Economia dei blog, statistiche 2010

Non c'è dubbio che il 2010 sia stato l'anno dei social media: non solo per i già affermati Facebook o Twitter, ma anche per i nuovi Foursquare - il cui successo si prevede in crescita, parallelamente all'imporsi della moda del geotagging - Gowalla, Loopt, l'italiano Mobnotes e simili.

Tutto ciò ha portato qualche allarmista/pessimista a suonare la campana a morte per il blog; ma il blog non è morto, anzi è ben vivo.

Semplicemente, come tutti i soggetti che vivono in quell'universo liquido che è la rete, si sta evolvendo. Sta cambiando pelle. 

Una delle domande più frequenti, per esempio, è quella che riguarda il ritorno economico dell'attività di blogging. C'è chi pensa che non si guadagni nulla, e chi (pochi, a dire il vero) che invece si riescano a fare un sacco di soldi. La verità ovviamente è più articolata, e l'infographic qui a fianco [cliccare sull'immagine per ingrandire] offre un quadro esauriente e chiaro della situazione.

La prima cosa che notiamo è che la patria del blogging remunerativo (oltre che, sospetto, del blogging tout court) continua ad essere l'America nel suo complesso (Nord, Sud, Centro): da sola assomma al 73 per cento della blosphere.

Dal 2009 al 2010 è calato il numero dei bloggers hobbysti, di quelli cioè che hanno aperto un blog per passatempo, per parlare di se stessi e dei loro interessi: la loro attività di blogging non è remunerativa, ma del resto gli obiettivi in questo caso sono altri. Diversa la situazione dei liberi professionisti, aumentati dal 9 per cento al 21 per cento: il blog in questo caso è uno show room di competenze professionali, un hub di informazioni per il proprio settore (o per lo meno, si sforza di esserlo), oltre che un canale di self marketing, quindi gli sforzi profusi non sono indifferenti. Se il blog è usato in maniera professionale, non diverso appare il comportamento di queste persone sugli altri social media, compresi Facebook e Twitter: del resto, quando rientrano in una strategia di social media marketing finalizzata a ottenere obiettivi precisi, anche quelli che a molti appaiono come dei formidabili perditempo si rivelano invece strumenti molto efficaci per un'azienda o un professionista: non a caso, più della metà dei liberi professionisti usa Facebook come canale di marketing per la propria attività. 
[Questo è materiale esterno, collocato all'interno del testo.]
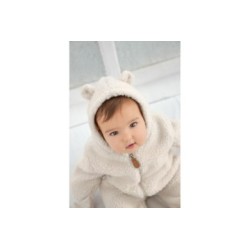 Tumodakids mayoristas de ropa de bebé. Mono exterior forro polar para bebé con capucha detalle orejitas y cierre cremallera -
Tra gli indici al ribasso, notiamo invece che è calato il già esiguo numero delle persone impegnate in un'azienda che bloggano per la stessa. 

I motivi possono essere molti, dallo spostamento di strategia social su altre piattaforme, all'abbandono della stessa; fare social media marketing richiede infatti tempo, competenze, passione, costanza, e soprattutto un piano di marketing e comunicazione molto preciso. In assenza di anche solo uno di questi requisiti, il rischio della delusione e del fallimento è molto alto.